Take the entries below and print, exactly, the stretch from the line containing "Balneario Parque De Cazorla 4* Arroyo Frío" through the line containing "1pc waterproof picnic", both included.

DATA PROVIDED:
== Segment start ==

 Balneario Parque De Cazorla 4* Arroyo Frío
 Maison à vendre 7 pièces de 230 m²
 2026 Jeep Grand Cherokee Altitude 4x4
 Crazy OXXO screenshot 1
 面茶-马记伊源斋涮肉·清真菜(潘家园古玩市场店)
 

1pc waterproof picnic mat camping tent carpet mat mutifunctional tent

== Segment end ==
== Segment start ==

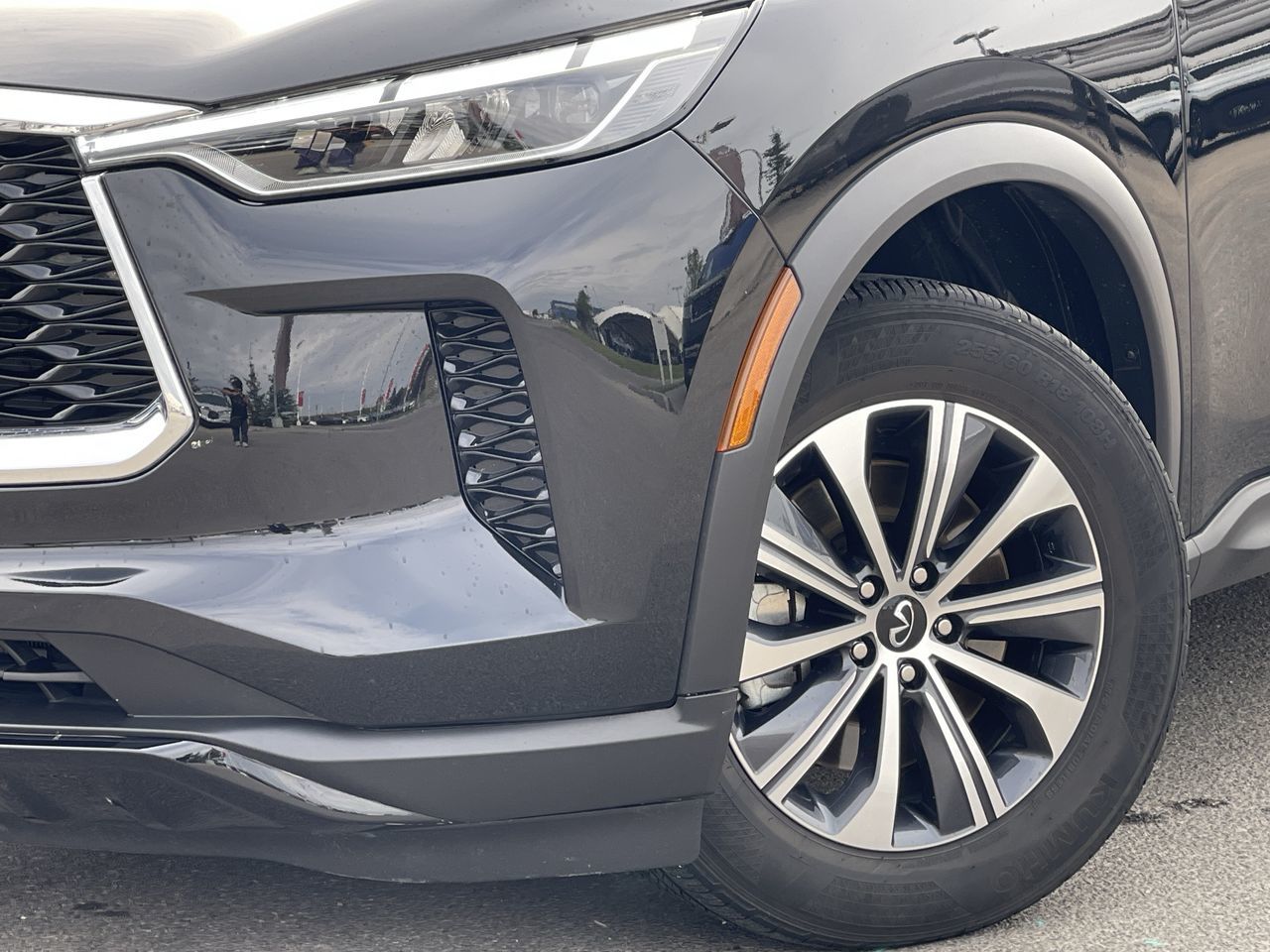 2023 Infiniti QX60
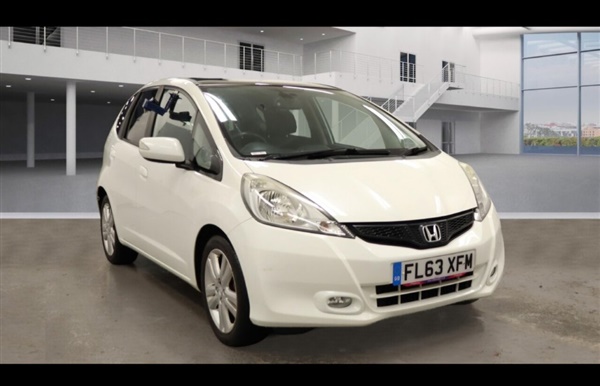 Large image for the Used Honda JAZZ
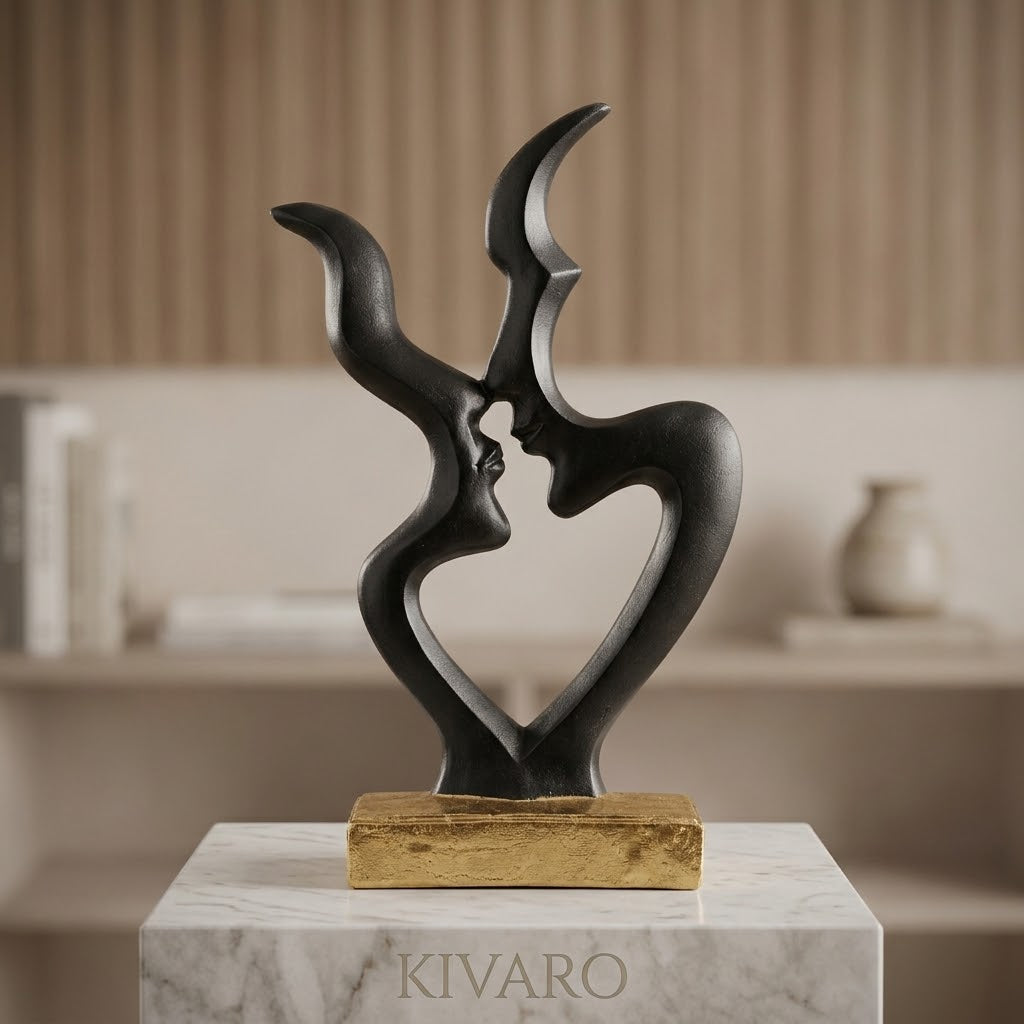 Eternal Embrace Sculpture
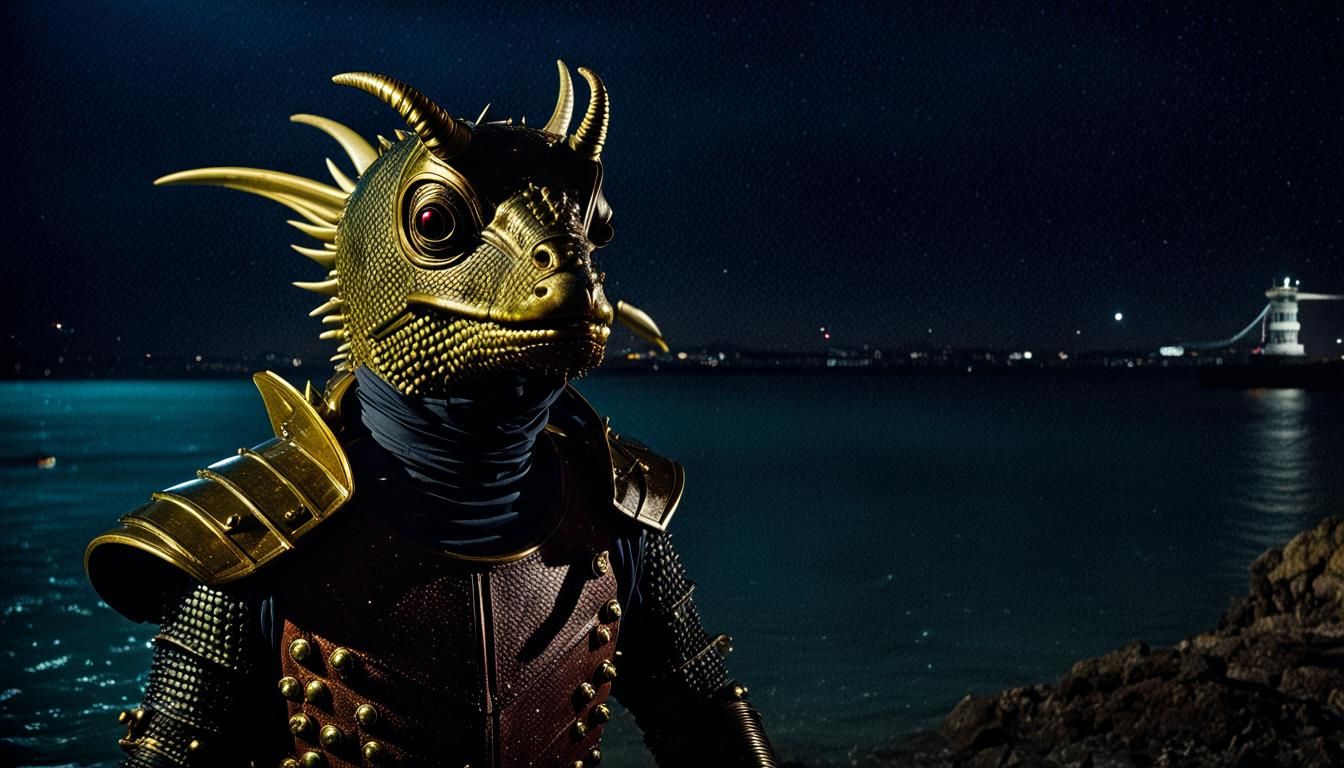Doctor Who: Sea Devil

== Segment end ==
== Segment start ==

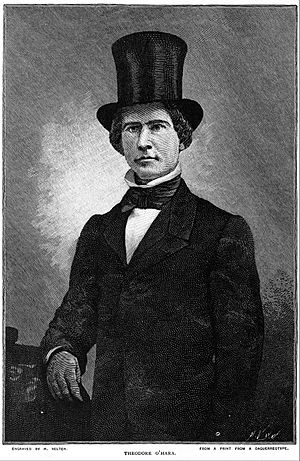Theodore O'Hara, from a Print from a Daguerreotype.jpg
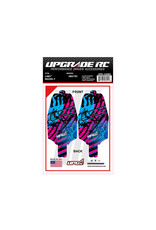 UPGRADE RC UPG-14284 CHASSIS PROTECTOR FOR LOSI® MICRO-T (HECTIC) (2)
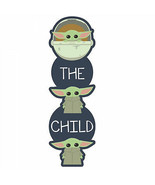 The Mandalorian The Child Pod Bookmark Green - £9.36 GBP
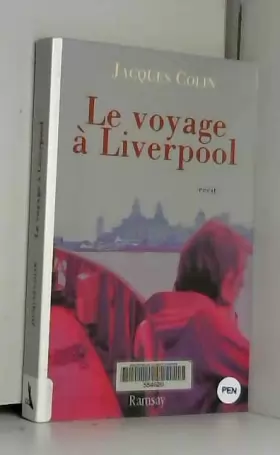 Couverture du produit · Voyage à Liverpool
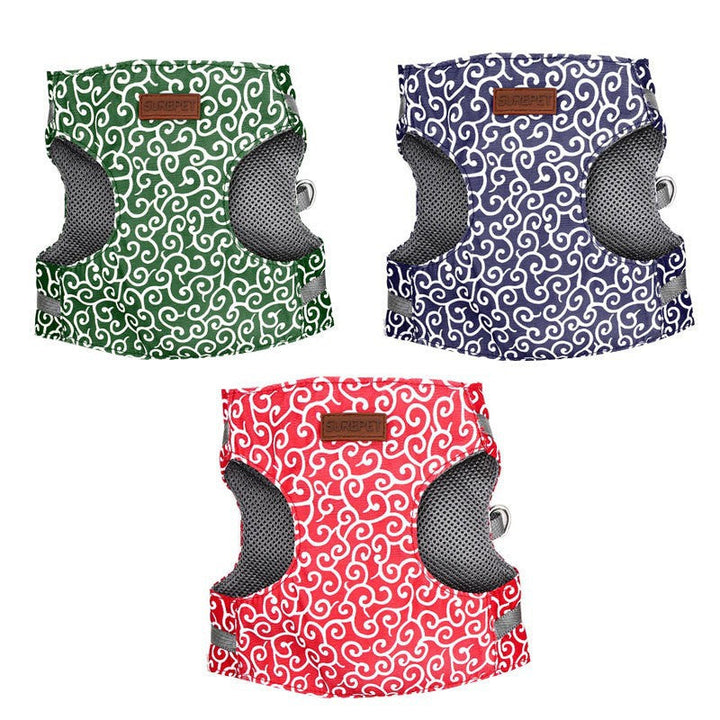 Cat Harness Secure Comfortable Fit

== Segment end ==

WRITTEN SOLUTION:
 Balneario Parque De Cazorla 4* Arroyo Frío
 Maison à vendre 7 pièces de 230 m²
 2026 Jeep Grand Cherokee Altitude 4x4
 Crazy OXXO screenshot 1
 面茶-马记伊源斋涮肉·清真菜(潘家园古玩市场店)
 

1pc waterproof picnic mat camping tent carpet mat mutifunctional tent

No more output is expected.